サラ・パレツキー『サマータイム・ブルース』 山本やよい訳 ハヤカワ文庫
『レイクサイド・ストーリー』 山本やよい訳 ハヤカワ文庫
そうねえ。女性探偵が主人公だからって高く評価しなくちゃいけないというわけじゃないと思うんだよね。脅されても殴られてもめげない意に介さない女性探偵という人物像は、確かに出てきて不思議のないキャラ設定なんだけど、別に殴られたから話が面白くなるわけでもないしね。キャラクタ推しということで言えば現代的なのかなあ。

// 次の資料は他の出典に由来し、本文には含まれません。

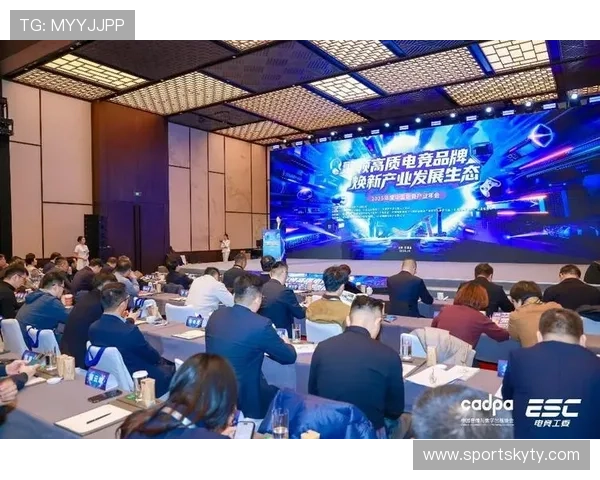 开云电子体育的技术创新与赛事运营经验，助力电竞行业持续健康发展与品牌提升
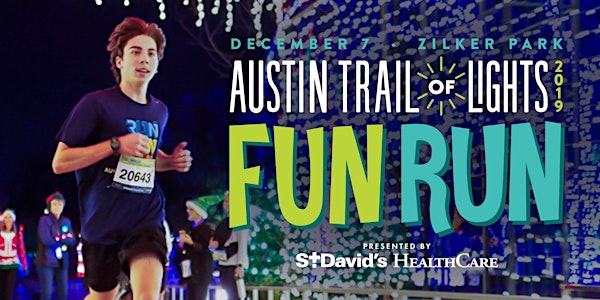 2019 Austin Trail of Lights Fun Run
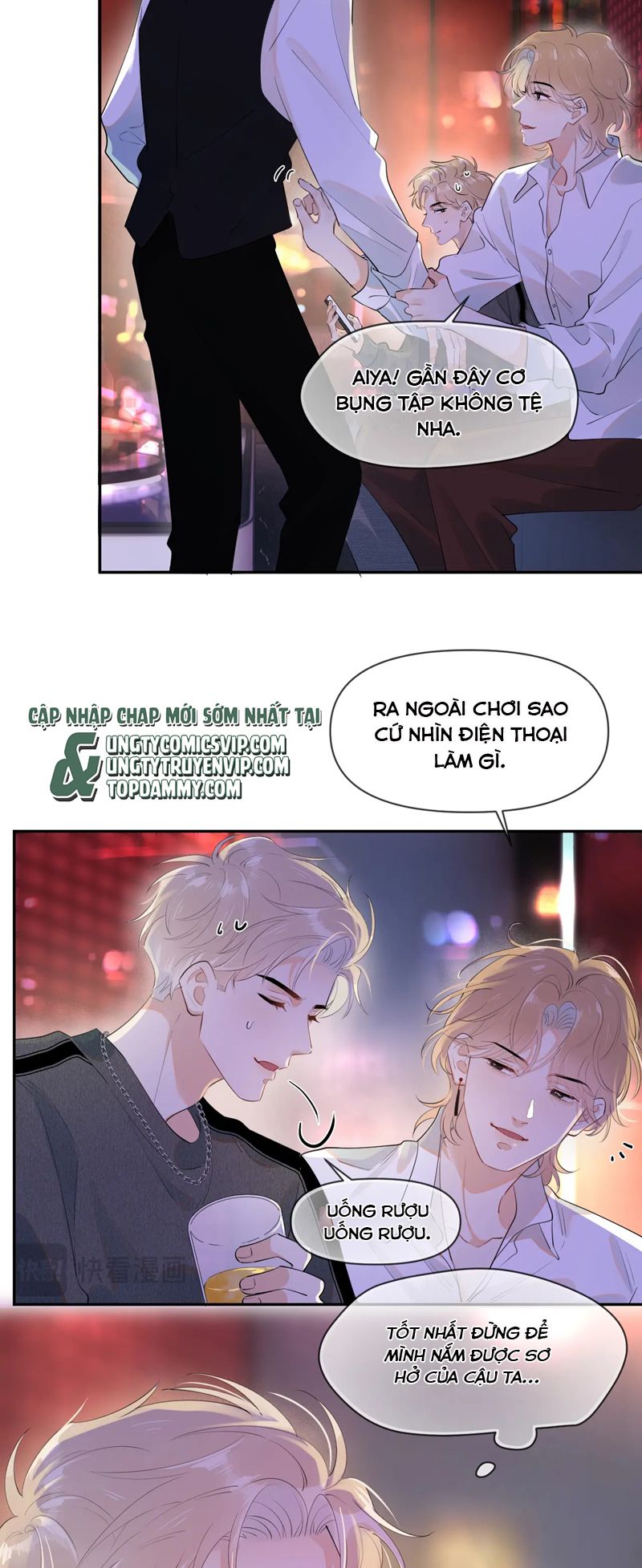 Cậu Vượt Giới Rồi Chapter 8 - Next Chapter 9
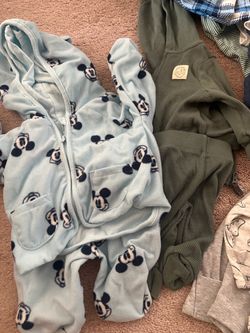 Baby boy clothes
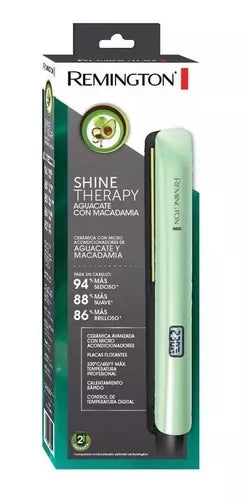 MEGA Kit de Belleza de Aguacate Plancha, Rizador  y Secador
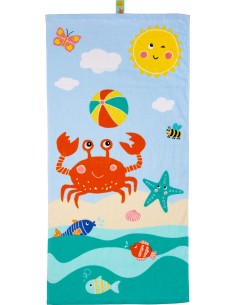 Magische badhanddoek 2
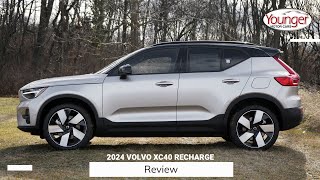 2024 Volvo XC40 Recharge Review | One MAJOR Change!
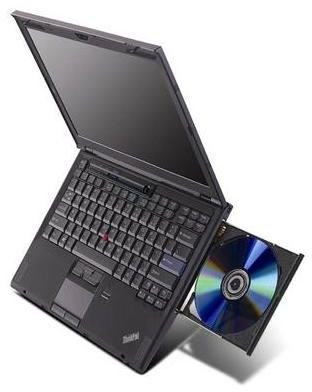 Lenovo Thinkpad X300 Optical Drive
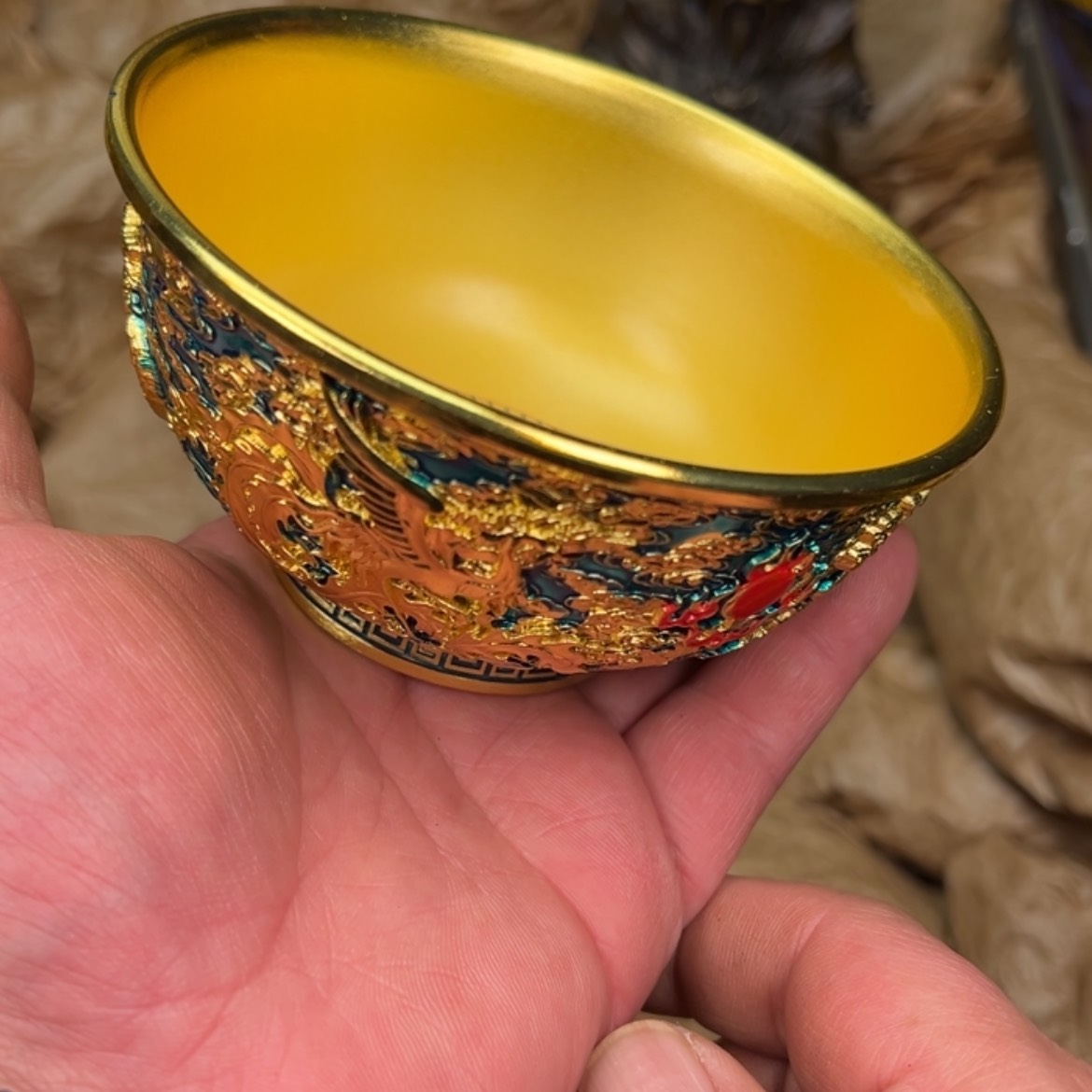 【闪购商品】青铜，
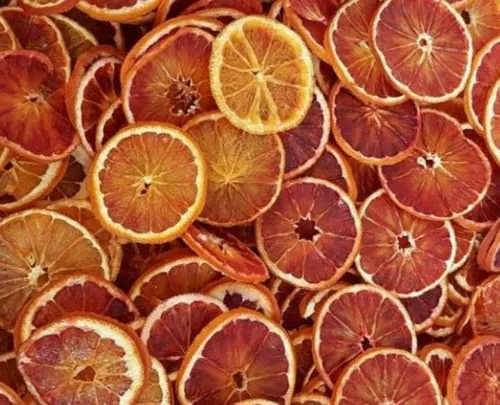 خرید انواع پرتقال خشک فله ای ارگانیک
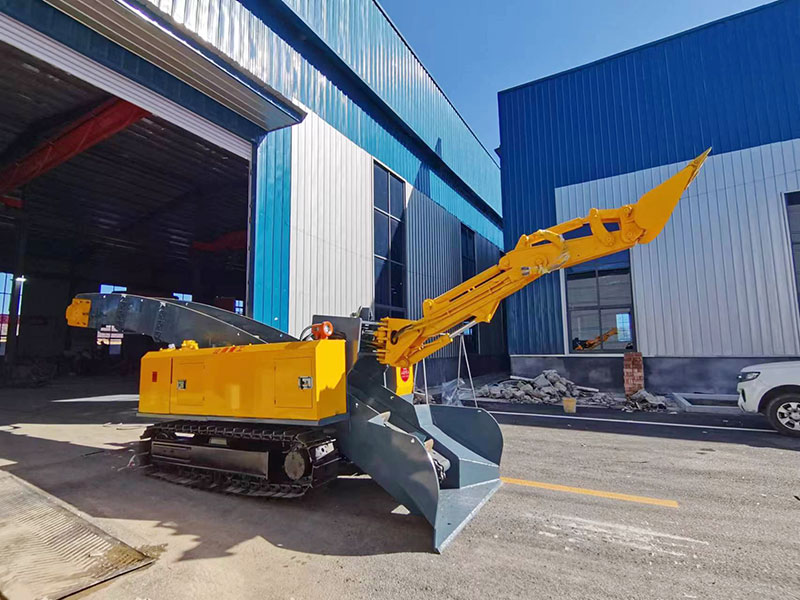 防爆扒渣機(jī) 防爆扒渣機(jī)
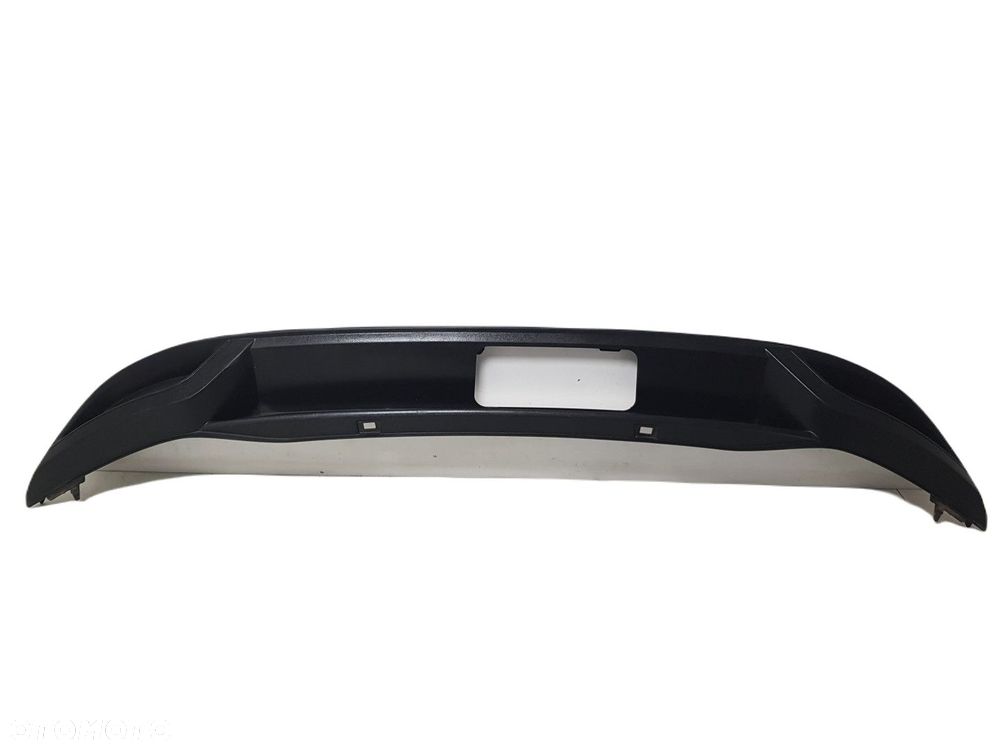 VW GOLF 7 VII 5G6 SPOILER SPOJLER ZDERZAKA TYŁ TYLNY HB 5G6807568Q 12-17 - 1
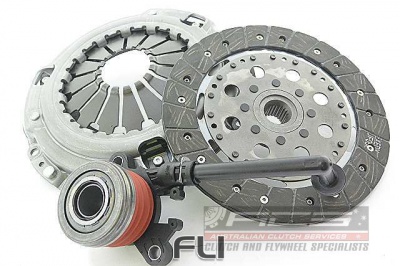 Clutch Pro - Organic Clutch Kit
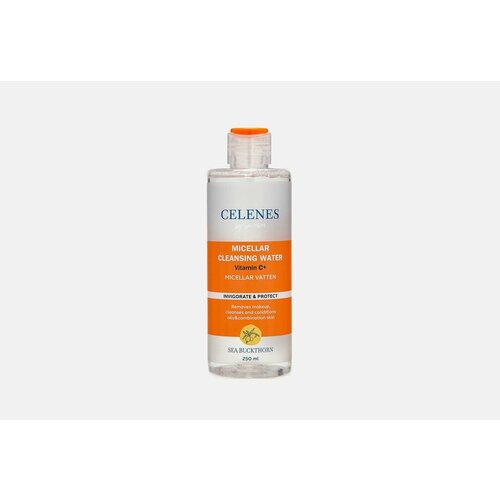 Мицеллярная вода CELENES SEA BUCKTHORN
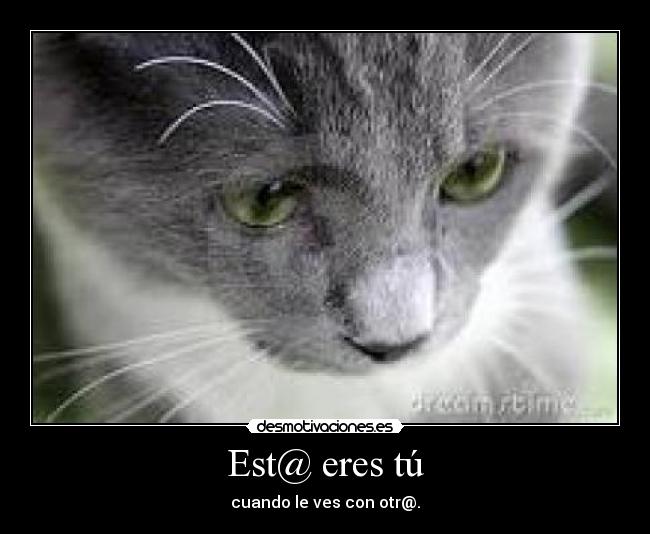 Est@ eres tú - 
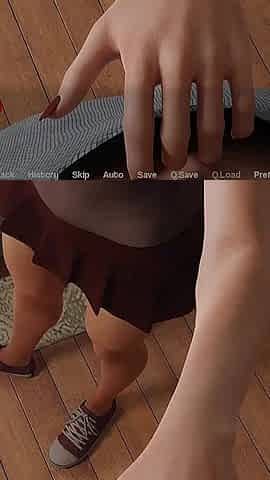 Fwb Secret My Best Friend Refused to Stop Riding Me When He Knocked!- Away From Home- Hot Scene Vatosgames- by Porn Game 4u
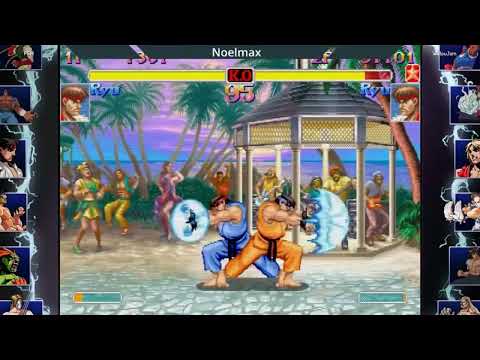 SFA SF2 SF3 Highlight Reel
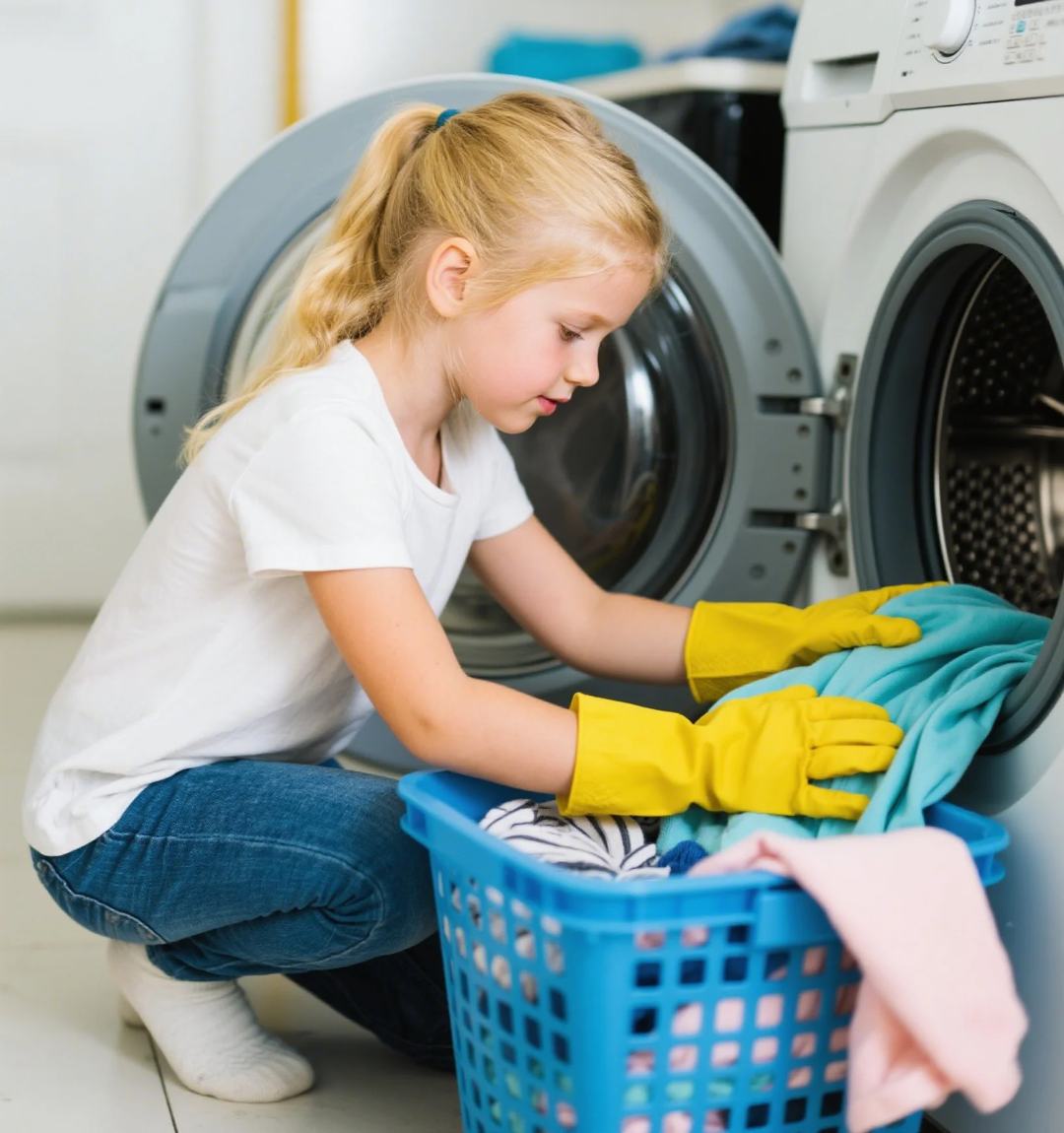 My Fiance's 7-Year-Old Daughter Cooks Breakfast and Does All the Chores Every Day — I Was Taken Aback When I Found Out Why 5 5666 e1747416572232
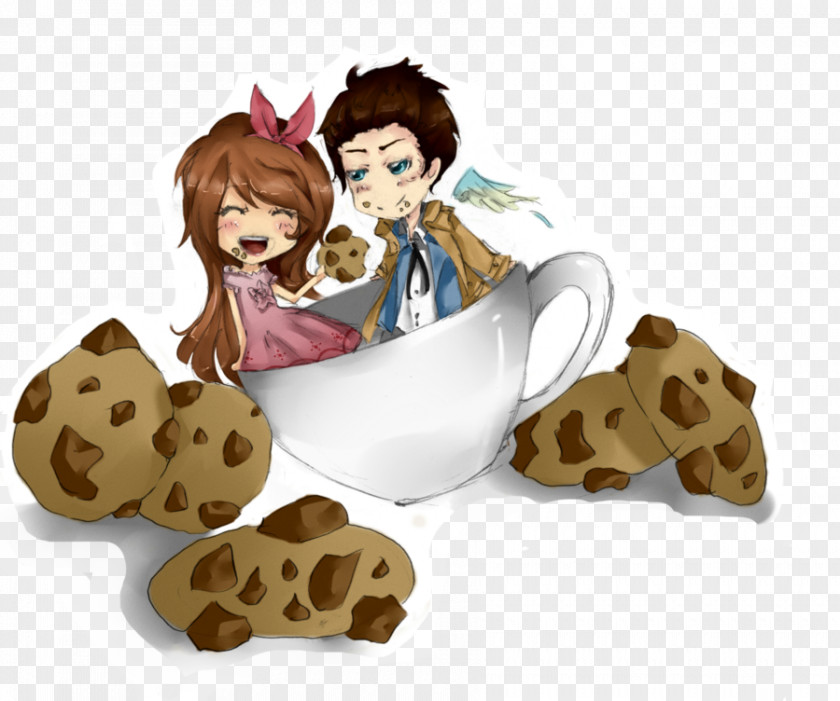 Tea Cookies Food Animal PNG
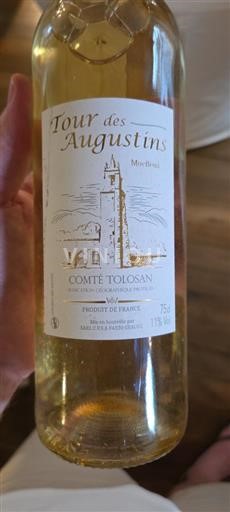 Sudoeste Comté de Toulouse Tour des Augustins Não Sazonado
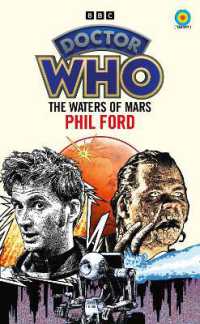 Doctor Who: The Waters of Mars (Target Collection) (Doctor Who Target Novels - Classic Era)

このへんの将棋の本もバラバラに買ったはずなのだがメモがもうメモとして機能していないということもまれにあるわけでまあしょうがない。値段は250〜350くらいと思う。ちなみに古いので現在役に立つかはビミョーなところ。
名人中原誠『中原の急戦将棋』 池田書店

飛車先を交換させてくれないと定跡通りにいかないという、開始4手くらいで使えるかどうかが決まってしまいかねない戦型について教えてくれる本。タテ歩取り。から、ひねり飛車で、飛車先切ったほうへ美濃ぽく玉を囲う。ある程度思惑通りに行っても急戦は攻め切らないと大概負けるので無理だったということがわかる。ヘタな指し手にはオススメできない。

有吉道夫八段『急戦振飛車破り』 弘文社

舟囲いにしておけば勝てるという本。舟囲い自体が上からにも横からにも別に強くないということを除けばなかなか。ただ相手が囲いを放棄して超急戦で来たとき結局どうしようもなくね? 一応三間四間中飛車向い飛車それぞれ対策があるので、どれかが苦手で秒殺されてしまう、という場合は大なり小なり対策できる。ただし急戦は以下略なので以下略。八段のころの本だが、79年に九段昇段で、2010年に引退。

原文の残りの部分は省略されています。